Cameron, J., Pierce, D.W., Banko, K.M., & Gear, A. (2005). Achievement-based rewards and intrinsic motivation: A test of cognitive mediators. Journal of Educational Psychology, 97(4), 641-655.

Deci, E.L. (1972). Intrinsic motivation, extrinsic reinforcement, and inequity. Journal of Personality and Social Psychology, 22, 113-120.

Poore, J. (2012, October). The STAR leader’s role in creating exceptional experiences. Speech presented at Kaiser Permanente STAR Leader Forum, San Jose, CA.

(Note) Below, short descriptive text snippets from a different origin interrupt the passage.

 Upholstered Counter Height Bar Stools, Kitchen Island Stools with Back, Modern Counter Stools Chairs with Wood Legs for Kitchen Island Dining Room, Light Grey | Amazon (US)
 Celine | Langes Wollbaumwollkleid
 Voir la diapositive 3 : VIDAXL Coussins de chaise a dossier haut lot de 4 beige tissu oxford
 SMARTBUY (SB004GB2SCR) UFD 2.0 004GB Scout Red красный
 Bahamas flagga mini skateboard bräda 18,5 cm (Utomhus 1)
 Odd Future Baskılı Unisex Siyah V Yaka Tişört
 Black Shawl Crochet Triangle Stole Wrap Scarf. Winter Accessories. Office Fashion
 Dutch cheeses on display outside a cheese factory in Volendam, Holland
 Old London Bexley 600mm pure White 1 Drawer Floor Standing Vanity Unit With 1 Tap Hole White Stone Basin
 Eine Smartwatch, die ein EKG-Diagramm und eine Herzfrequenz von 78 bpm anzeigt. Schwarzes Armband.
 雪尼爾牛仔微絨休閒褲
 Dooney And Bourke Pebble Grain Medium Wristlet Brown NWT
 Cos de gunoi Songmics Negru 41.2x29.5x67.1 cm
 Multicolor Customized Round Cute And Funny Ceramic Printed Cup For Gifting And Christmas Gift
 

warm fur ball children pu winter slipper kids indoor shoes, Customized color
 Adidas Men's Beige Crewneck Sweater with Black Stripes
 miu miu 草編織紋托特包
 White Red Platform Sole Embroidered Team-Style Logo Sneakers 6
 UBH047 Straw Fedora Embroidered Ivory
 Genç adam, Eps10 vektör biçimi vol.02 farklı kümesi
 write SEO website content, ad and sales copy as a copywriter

Yukl, G. (1999). An evaluation of conceptual weaknesses in transformational and charismatic leadership theories. Leadership Quarterly, 10, 285–305.

 

photo by: Infusionsoft

2 Replies to “Praise Motivates”

  1. Good point about verbal praise; however, it should be pointed out that it needs to be specific verbal praise. The “good job” is meaningless and may not have as much of an impact on motivation.

    1. Agreed, Gary. It should be specific to a task performed, as well. Praise can seem disingenuous if given for personal attributes, but if applied to a task performed, it is more likely to provide motivation specific to the task performed. Thanks for your comment!